● **WHAT TO WORK ON**:
Without any pictures, reproduce exactly the lines running from the line containing "Dress Kylie Mary" through the end of the entries.

====== INFORMATION GIVEN

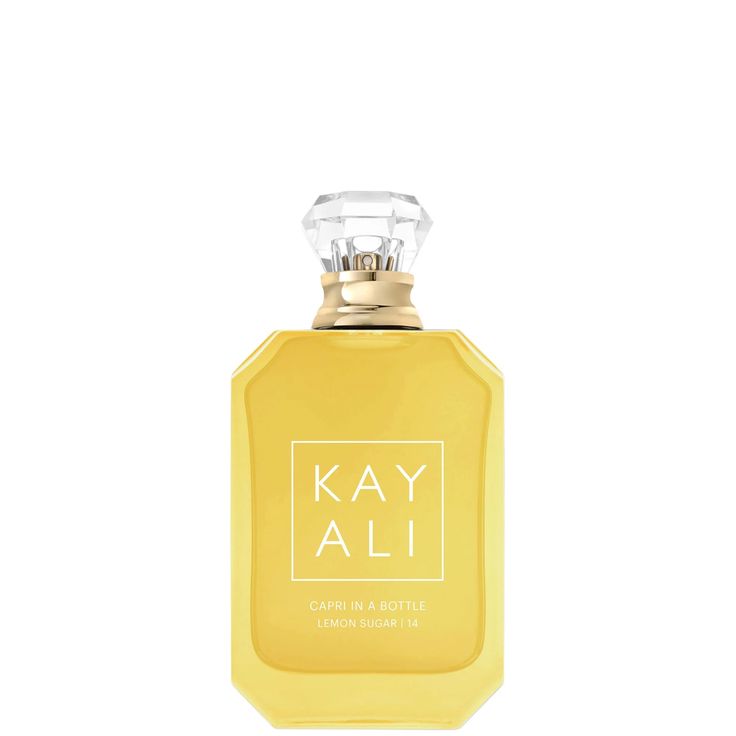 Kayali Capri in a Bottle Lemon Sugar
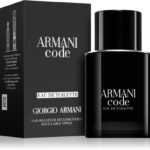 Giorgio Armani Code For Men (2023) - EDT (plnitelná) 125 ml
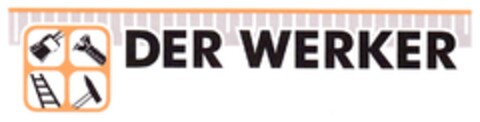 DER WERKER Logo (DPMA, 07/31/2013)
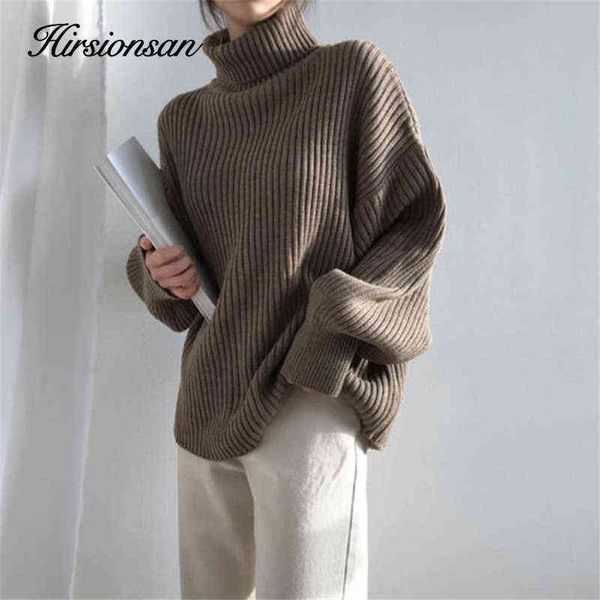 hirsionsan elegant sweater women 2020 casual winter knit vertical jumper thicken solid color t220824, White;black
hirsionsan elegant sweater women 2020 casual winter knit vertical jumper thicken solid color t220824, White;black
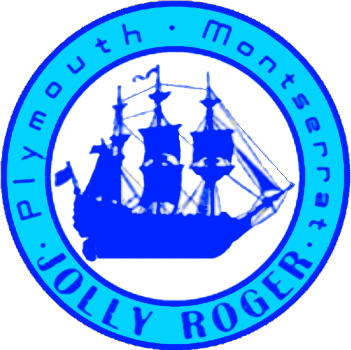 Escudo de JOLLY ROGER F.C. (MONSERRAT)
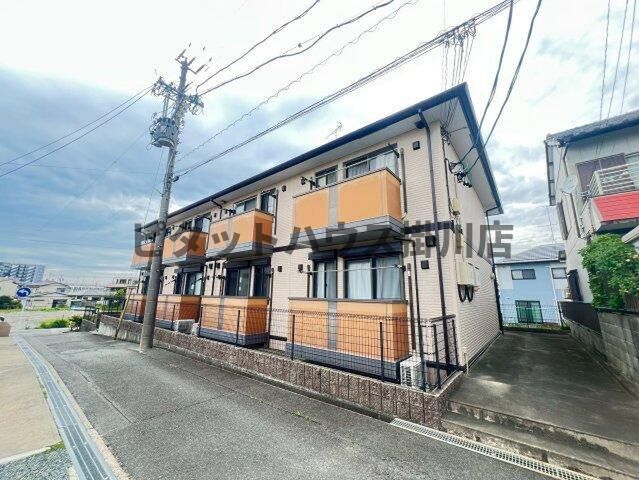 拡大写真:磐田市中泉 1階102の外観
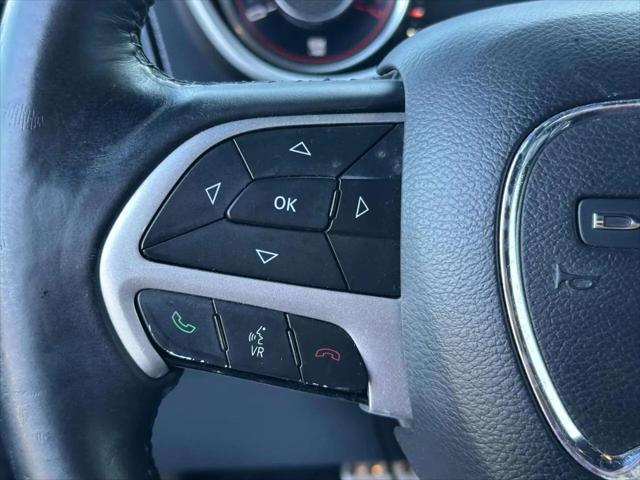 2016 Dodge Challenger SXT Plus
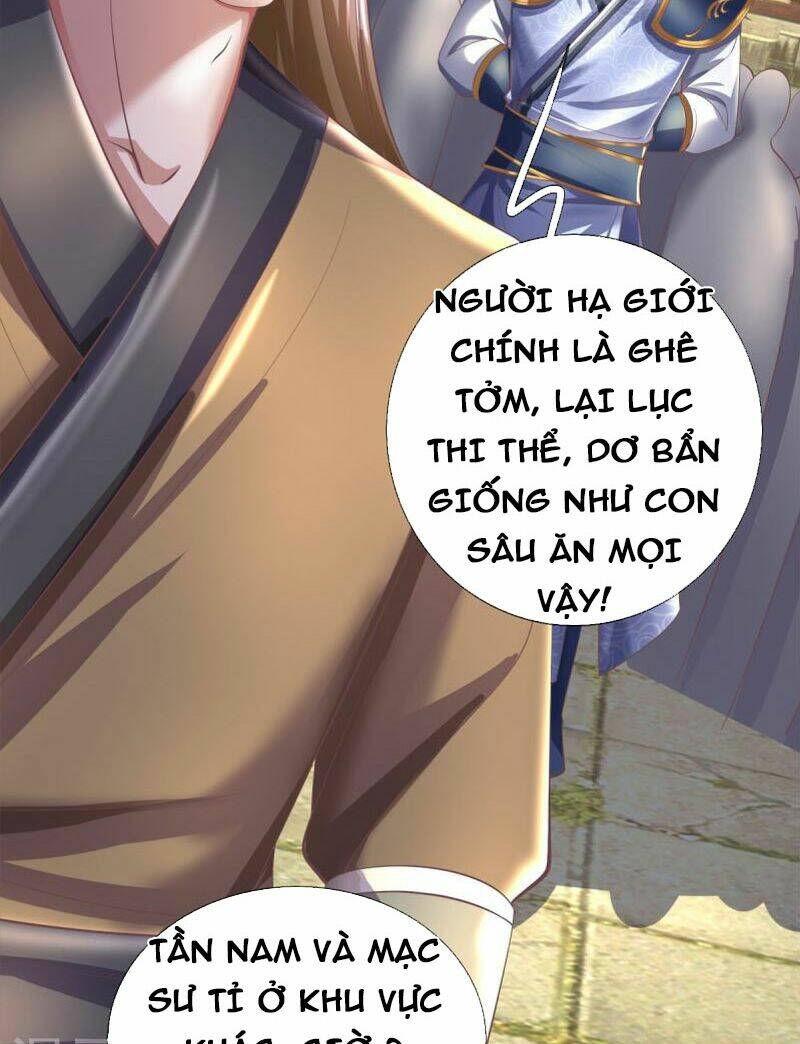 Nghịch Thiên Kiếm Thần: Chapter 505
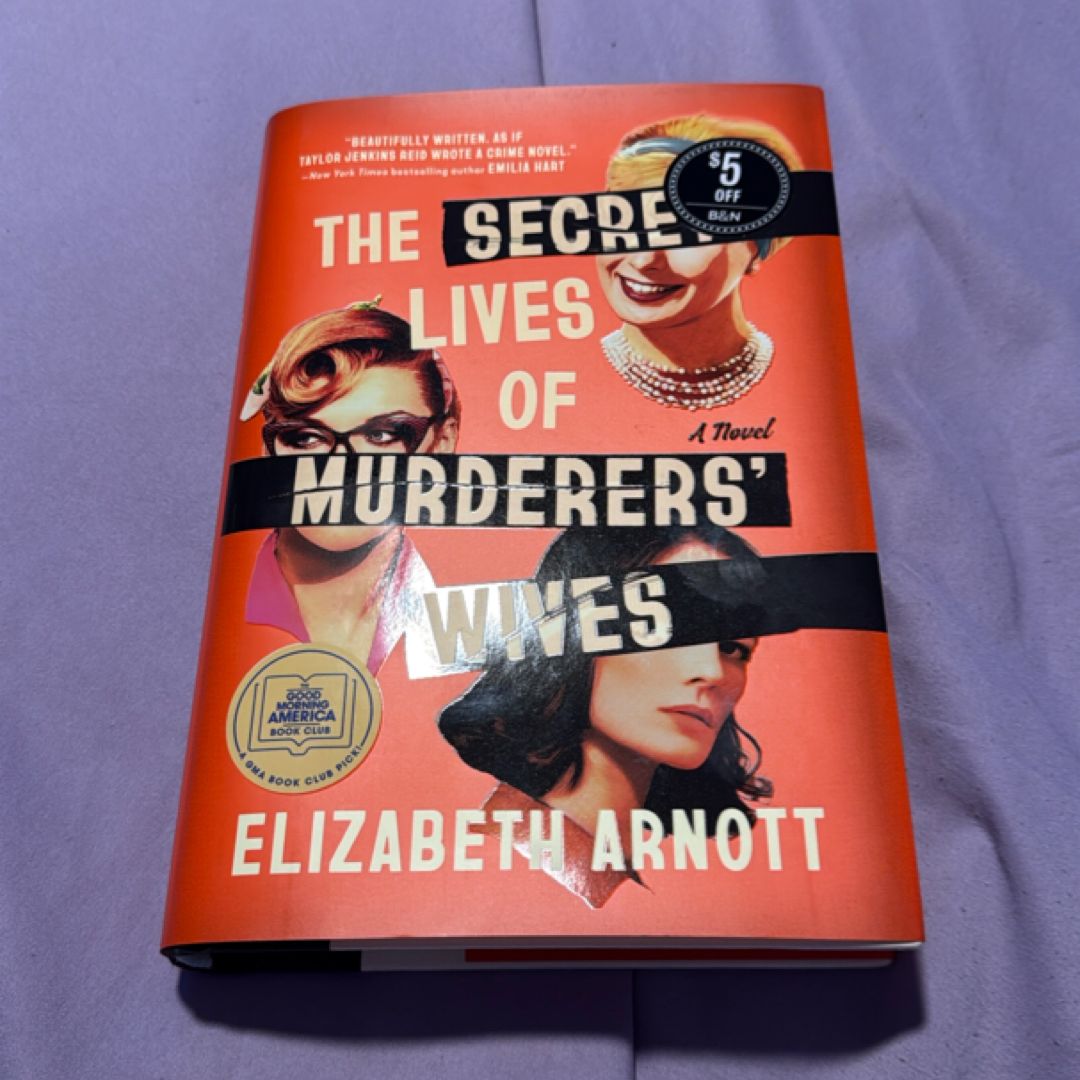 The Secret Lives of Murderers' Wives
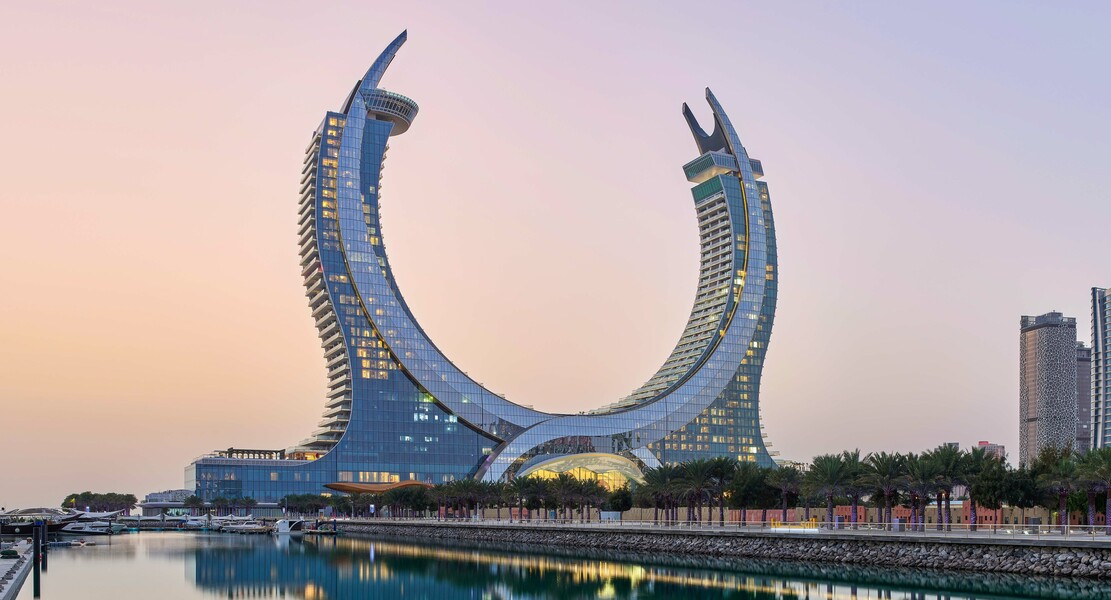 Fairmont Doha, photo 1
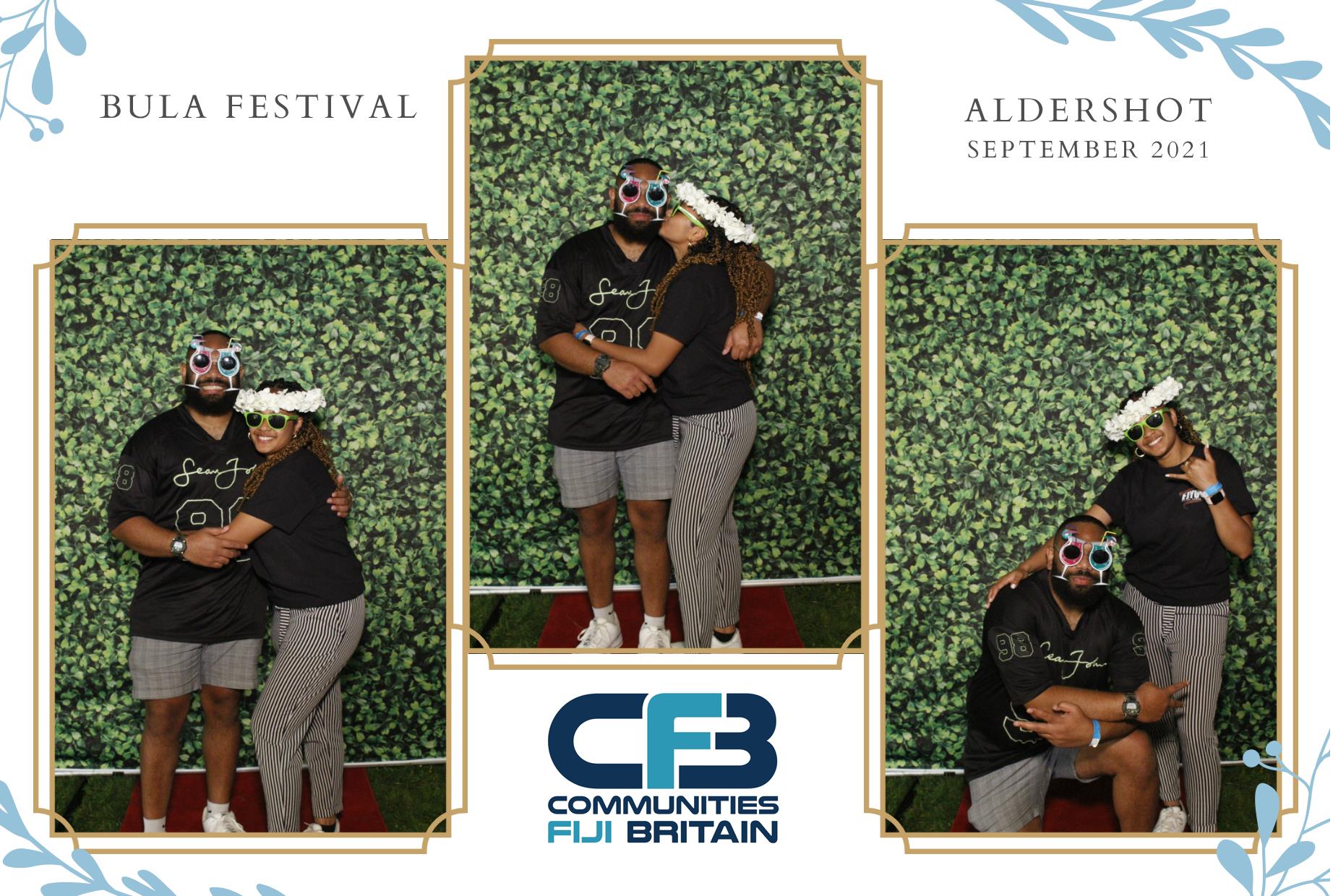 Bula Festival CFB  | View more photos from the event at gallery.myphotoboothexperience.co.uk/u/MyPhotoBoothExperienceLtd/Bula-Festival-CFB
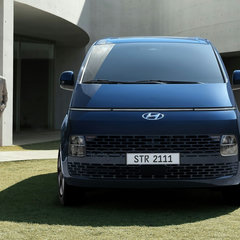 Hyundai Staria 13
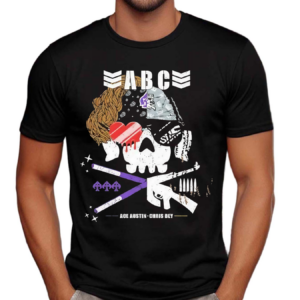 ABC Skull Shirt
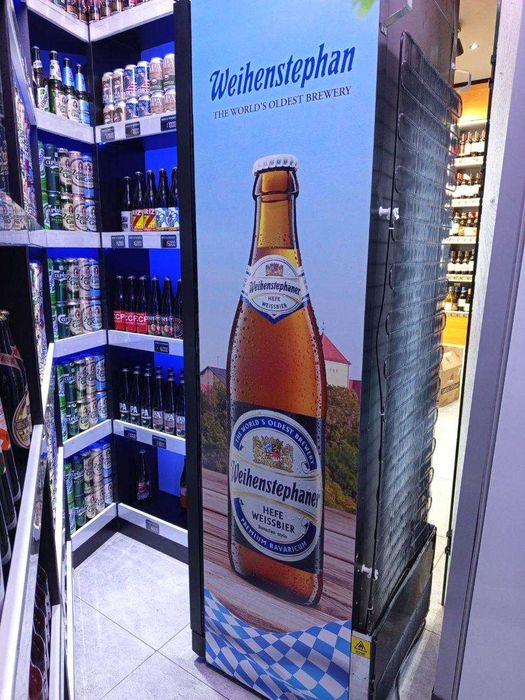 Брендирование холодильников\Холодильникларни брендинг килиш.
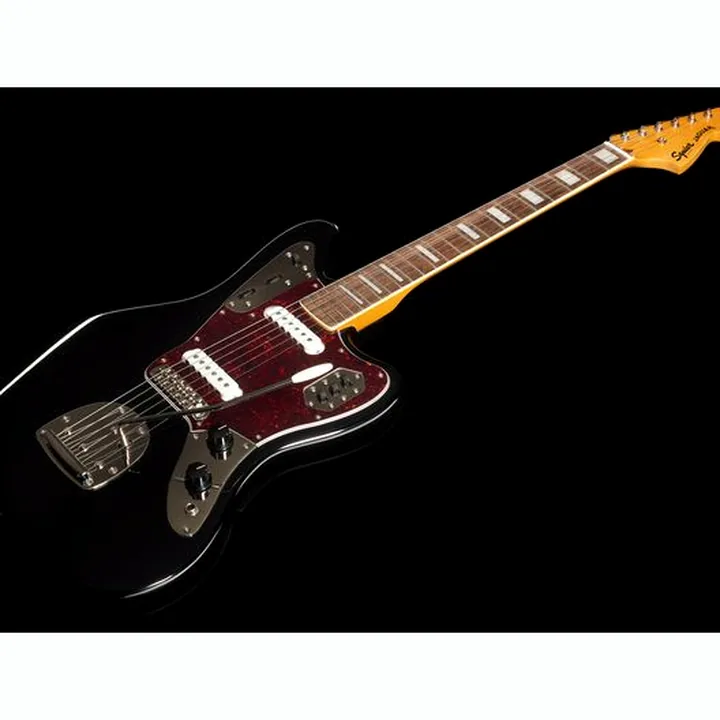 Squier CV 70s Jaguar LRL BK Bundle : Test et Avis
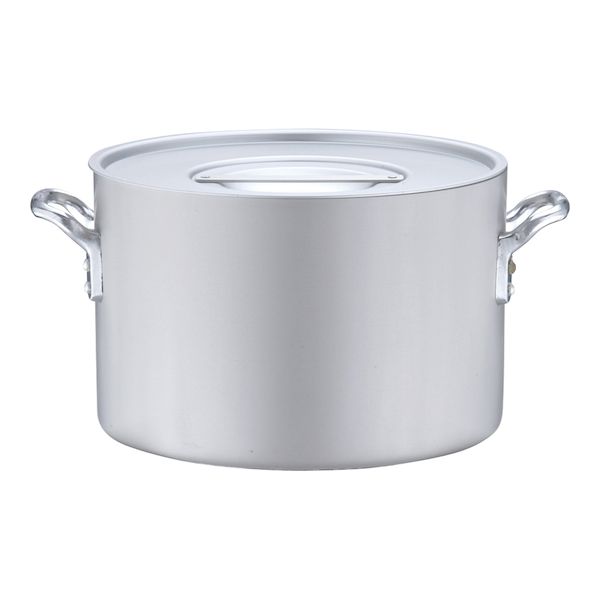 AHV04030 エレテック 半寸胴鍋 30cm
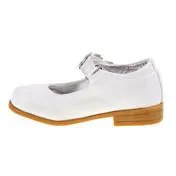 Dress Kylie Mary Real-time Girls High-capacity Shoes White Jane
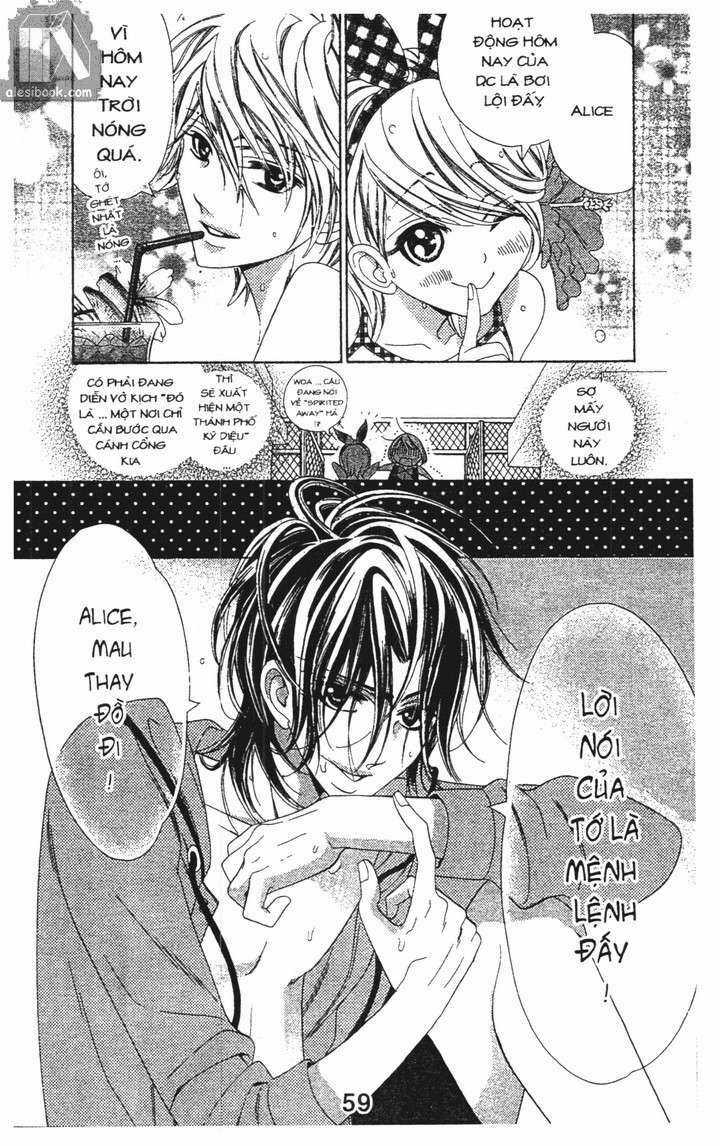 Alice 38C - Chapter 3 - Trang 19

============

● **EXERCISE RESPONSE**:
 Dress Kylie Mary Real-time Girls High-capacity Shoes White Jane
 Alice 38C - Chapter 3 - Trang 19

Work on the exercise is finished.